6 Until the day break, and the shadows flee away, I will get me to the mountain of myrrh, and to the hill of frankincense.
Totdat de dag aankomt, en de schaduwen vlieden, zal Ik gaan tot den mirreberg, en tot den wierookheuvel.
7 Thou art all fair, my love; there is no spot in thee.
Geheel zijt gij schoon, Mijn vriendin, en er is geen gebrek aan u.
8 Come with me from Lebanon, my spouse, with me from Lebanon: look from the top of Amana, from the top of Shenir and Hermon, from the lions’ dens, from the mountains of the leopards.
Bij Mij van den Libanon af, o bruid! kom bij Mij van den Libanon af; zie van den top van Amana, van den top van Senir en van Hermon, van de woningen der leeuwinnen, van de bergen der luipaarden.

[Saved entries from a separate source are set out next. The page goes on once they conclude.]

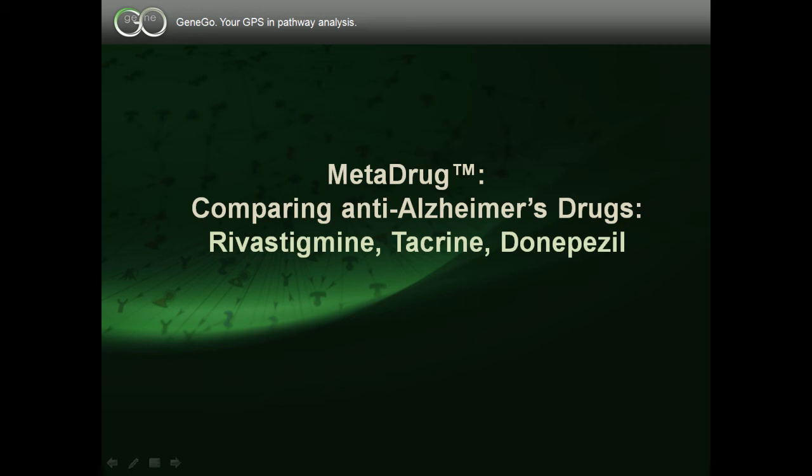Welcome! In this video, we will show how Metadrug can be used for compound comparison of three anti-Alzheimer's drugs, including rivastigmine, tacrine, and donepezil.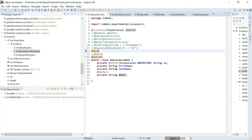Another annotation is @Value, which is similar to @Data — it will generate all the boilerplate code, but it generates an immutable class. The class can't be modified. This means there will not be any setters; only getters will be generated. The class will also be marked as final, and toString, equals, and hash code methods will be generated along with an all-argument constructor.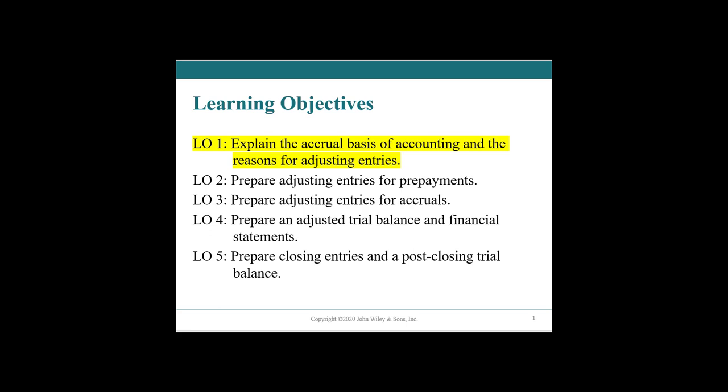We almost never use cash. The closest thing to using cash is if you were running a lemonade stand. Taxation is also based on what happens to cash as its foundation. But otherwise it's the accrual world, the accrual basis of accounting. In this chapter we'll look at cash-based accounting first, and then we will probably never talk about it again.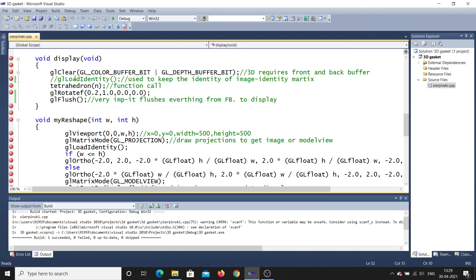So what is load identity? As I explained in the previous video, load identity is used to keep the identity of the image. If load identity is present, it keeps the original state and will not allow the object to rotate by itself — that is the importance of the identity matrix.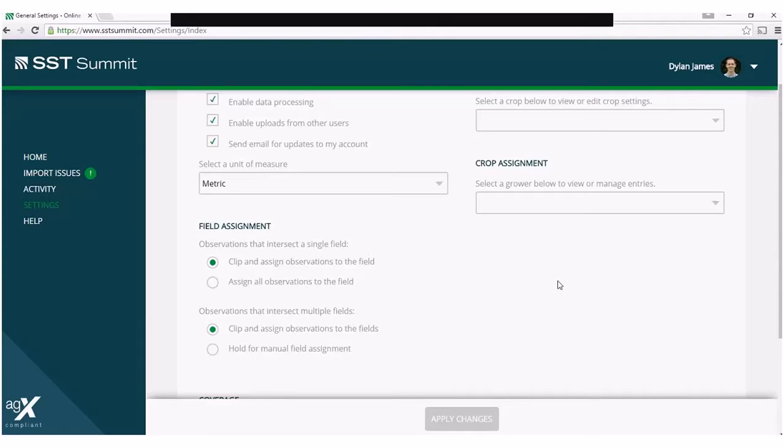The next setting is for observations that intersect multiple fields. If your set of observations intersect multiple field boundaries in your account, you have two options.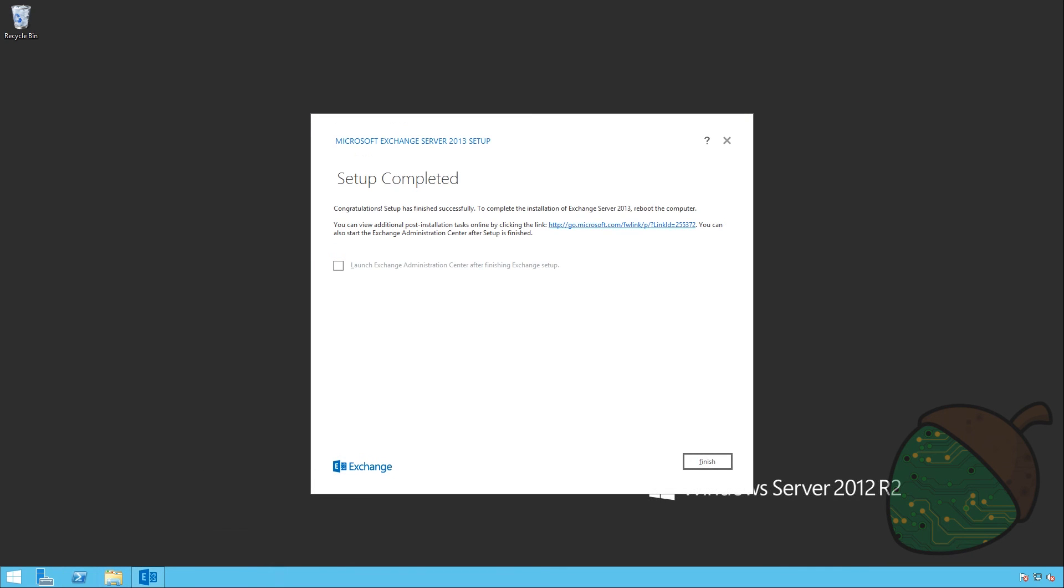And after quite a long wait, the installation has finally completed. So we're just going to go ahead and check the box to see if we can launch the administration center. And we're going to finish it off.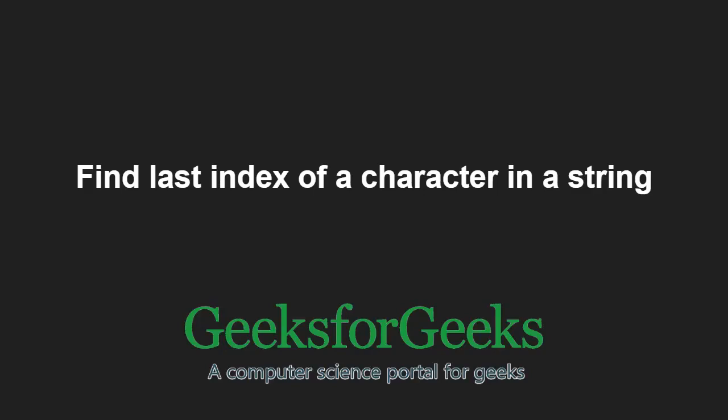Hello friends and welcome to another tutorial on GeeksforGeeks. In this video, we're going to understand the program which finds the last index of a character in a string.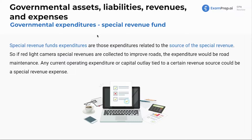So, governmental expenditures for the special revenue fund. Most of the expenditures in this chapter are just going to relate to the source of the revenue. Just like what are the expenditures for — and I know we're using governmental terms here — we use the word 'expenditure' rather than 'expense.'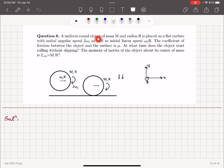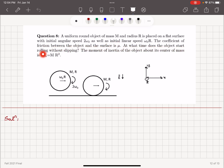A uniform round object of mass M and radius R is placed on a flat surface with initial angular speed 2ω₀ as well as initial linear speed ω₀R. The coefficient of friction between the object and the surface is μ. At what time does the object start rolling without slipping? The moment of inertia of the object about its center of mass is MR².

9 Thou hast ravished my heart, my sister, my spouse; thou hast ravished my heart with one of thine eyes, with one chain of thy neck.
Gij hebt Mij het hart genomen, Mijn zuster, o bruid! gij hebt Mij het hart genomen, met een van uw ogen, met een keten van uw hals.
10 How fair is thy love, my sister, my spouse! how much better is thy love than wine! and the smell of thine ointments than all spices!
Hoe schoon is uw uitnemende liefde, Mijn zuster, o bruid! hoeveel beter is uw uitnemende liefde dan wijn, en de reuk uwer olien dan alle specerijen!
11 Thy lips, O my spouse, drop as the honeycomb: honey and milk are under thy tongue; and the smell of thy garments is like the smell of Lebanon.
Uw lippen, o bruid! druppen van honigzeem; honig en melk is onder uw tong, en de reuk uwer klederen is als de reuk van Libanon.
12 A garden inclosed is my sister, my spouse; a spring shut up, a fountain sealed.
Mijn zuster, o bruid! gij zijt een besloten hof, een besloten wel, een verzegelde fontein.
13 Thy plants are an orchard of pomegranates, with pleasant fruits; camphire, with spikenard,
Uw scheuten zijn een paradijs van granaatappelen, met edele vruchten, cyprus met nardus;
14 Spikenard and saffron; calamus and cinnamon, with all trees of frankincense; myrrh and aloes, with all the chief spices:
Nardus en saffraan, kalmus en kaneel, met allerlei bomen van wierook, mirre en aloe, mitsgaders alle voornaamste specerijen.
15 A fountain of gardens, a well of living waters, and streams from Lebanon.
O fontein der hoven, put der levende wateren, die uit Libanon vloeien!
16 Awake, O north wind; and come, thou south; blow upon my garden, that the spices thereof may flow out. Let my beloved come into his garden, and eat his pleasant fruits.
Ontwaak, noordenwind! en kom, Gij zuidenwind! doorwaai mijn hof, dat zijn specerijen uitvloeien. O, dat mijn Liefste tot Zijn hof kwame, en ate zijn edele vruchten!